La Embajada israelí lamenta que México no adopte “condena enérgica” contra ataques de las milicias palestinas. Y no lo hará, aunque provoque la ira del bando que, ahora, se siente agredido, pero que también agrede a su contrario. Y no sólo con misiles, sino en el cotidiano de la vida, jun verdadero apartheid en contra de la población, de la ciudadanía palestina, en la propia Jerusalén, la ciudad sagrada para judíos, palestinos y millones de cristianos de todas las confesiones.

El Presidente Andrés Manuel López Obrador no está autorizado para tomar partido en una conflagración entre dos enemigos, menos cuando la venganza los anima. Los palestinos se sienten sumamente agredidos por el gobierno de los judíos – muchos judíos también condenan la política segregacionista de su gobierno en contra de los palestinos, No se olvide que el Estado de Israel fue fundado en las postrimerías de la segunda guerra, en territorio palestino. Y fue una terrible, injusta decisión de las potencias occidentales agrupadas en las Naciones Unidas.

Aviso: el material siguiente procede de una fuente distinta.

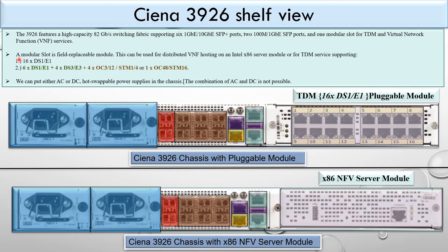The TDM module combinations can be: 16 x DS1/E1; or 6 x DS1/E1 plus 4 x DS3/E3 plus 4 x OC-3/12 STM-1/4; or 1 x OC-48 STM-16.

Y, además, a los judíos se les olvidó que Adolf Hitler ordenó la matanza de alrededor de 6 millones de judíos. En México, los mexicanos celebran con dolor y lágrimas los aniversarios de esa matanza en Europa, particularmente en Alemania, perpetrada por un loco de atar como lo era el dictador. No sé si desear que judíos y palestinos pudieran convivir en armonía. Lo veo difícil. Casi imposible. Desde los ancianos tiempos bíblicos, aquellas llamadas Tribus de Israel eran guerreristas, muy violentas y hasta imaginaron que un jovencito, cuyo nombre era David, mató al gigante Goliat, guerrero filisteo con cuyo ejército peleaban los soldados israelitas. Pero actualmente no hay milagros como los inventados por la tradición judeo cristiana.

Ahora, desde la fundación del Estado de Israel en territorio palestino, los gobiernos del Estado de Israel quieren, a toda costa, expulsar a los palestinos de su propia tierra… donde hay mucha injusticia, violación de derechos humanos, represión, encarcelamiento y maltrato, entre otras malas leches qué lamentar.

Más que condenar, la Comunidad Internacional tiene la obligación de analizar los hechos que ocurren y buscar soluciones que lleven a la paz. Pero no habrá paz mientras haya odio entre pueblos y naciones. Pero no todo terminará ni con las condenas a “los terroristas” de Hamás, ni a los “ejércitos legales” de Israel. Éste anunció ayer lunes que el país pasaba a la ofensiva total contra Gaza. México pacifista no puede estar de acuerdo más que con la paz.